La réminiscence.

Publié le 30 octobre 2007 par lionel dans Comprendre

Platon développe une autre idée qui jouera un rôle décisif dans la définition de la connaissance. C’est celle de la réminiscence, l’événement qui permet aux opinions vraies de s’élever au rang de science. L’épisode célèbre de l’esclave qui « redécouvre » des règles géométriques en suivant les instructions de Socrate aura une portée primordiale dans l’établissement de la théorie des Idées. Une telle thèse est audacieuse car elle laisse entendre que nous avons été témoins de toutes les formes de connaissance et que notre accès à la vie ici-bas a occulté une science que nous détenons comme un trésor inconnu.
Cette réminiscence (en grec : anamnésis) passe pour être la première discipline de l’esprit clairement formulée. Elle est effectivement la première connexion identifiable entre un effort de la pensée et un résultat probant. Si Parménide pose les deux premiers jalons de la pensée logique (identité et non-contradiction, manque encore le tiers exclu), il n’analyse pas la forme d’activité spirituelle particulière qui y contribue.
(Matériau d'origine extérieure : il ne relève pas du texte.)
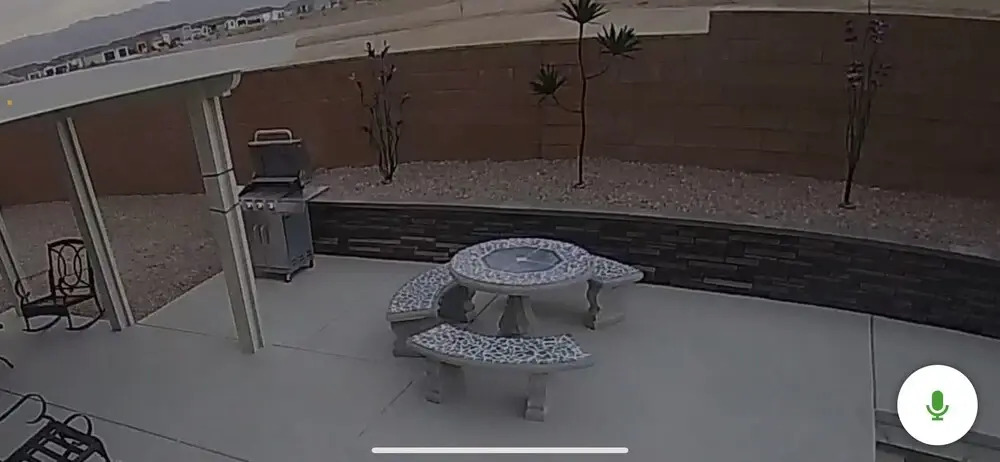 Available Now Brand New Pool Home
L’Idée platonicienne apparaît alors comme l’accomplissement de ce qui se bornait jusque-là à une pétition de principe. S’il y a possibilité de réminiscence, il y a connaissance intime des choses et cette intimité originelle débouchera sur une notion qui semble la poursuite et la réalisation d’un modèle parménidien. A l’égalité être/pensée, Platon substitue l’union productive réalité/pensée, non plus dans le sens d’une égalité dont on ne sortirait pas, mais au contraire d’une complémentarité active où l’intelligence n’est viable que grâce à l’intelligible vers lequel il se porte (voir ce qu’en dit Jankélévitch dans L’irréversible et la nostalgie).
Quelles vont être les conséquences dans l’établissement d’une méthode qui s’appuie sur la réminiscence ? Et d’abord, dans quelle mesure cette réminiscence se prête-t-elle à une véritable action logique ? Platon n’explicite pas la nature de la démarche, qu’on suppose de prime abord appartenant au champ de la psychologie. Et pour cause : Lalande qualifie la réminiscence platonicienne de « forme mythique du rationalisme ». On assiste à une confrontation saisissante du dessein de l’esprit à atteindre la vérité la plus rigoureuse avec l’appel au mythe, monde dont Platon, bien qu’il s’en pose comme l’adversaire, reconnaît implicitement la légitimité argumentative : Claude Calame montre que chez Platon, c’est le mûthos qui sert à l’argumentation. Le logos aurait, lui, pour fonction cardinale, de décrire avant d’argumenter. « Le mûthos concourt donc, en tant que donnée sur l’origine, à l’argumentation du logos » (« Mûthos, logos et histoire. Usages du passé héroïque dans la rhétorique grecque » in L’Homme, année 1998, volume 38, n° 147, p. 132). Là se situe une nouvelle fois toute la nuance qui s’impose lorsqu’il s’agit d’examiner l’objet de l’attaque platonicienne contre la rhétorique. Avant d’assister à l’entreprise de « franche » restauration rhétorique menée par Aristote, on voit que Platon aura lui-même gardé du mythe une part non négligeable d’utilité argumentative. En témoignant d’ailleurs d’une considération certaine pour Protagoras ou Gorgias, il reconnaît qu’on ne saurait rompre avec ce que le mythe nous donne dans la quête d’une vérité stable ; et c’est cette dernière qui cristallise vraiment les différences de finalités entre Platon et les sophistes. On ne s’étonnera donc pas que « comme d’autres formes de discours, le récit dit ‘mythique’ n’est pas moins logique, il n’est pas moins ‘rationnel’ que le discours raisonné ou théorique. Il est sans doute, et seulement, moins formel et probablement davantage orienté vers la pratique. Loin d’opposer le mythe à la raison, l’usage rhétorique des récits fictionnels sur les palaia (c’est-à-dire : « ces choses d’autrefois ») nous met face à l’existence de différents régimes d’intelligibilité, ou de pratiques d’intelligibilité. » (Claude Calame, ibid. p. 148).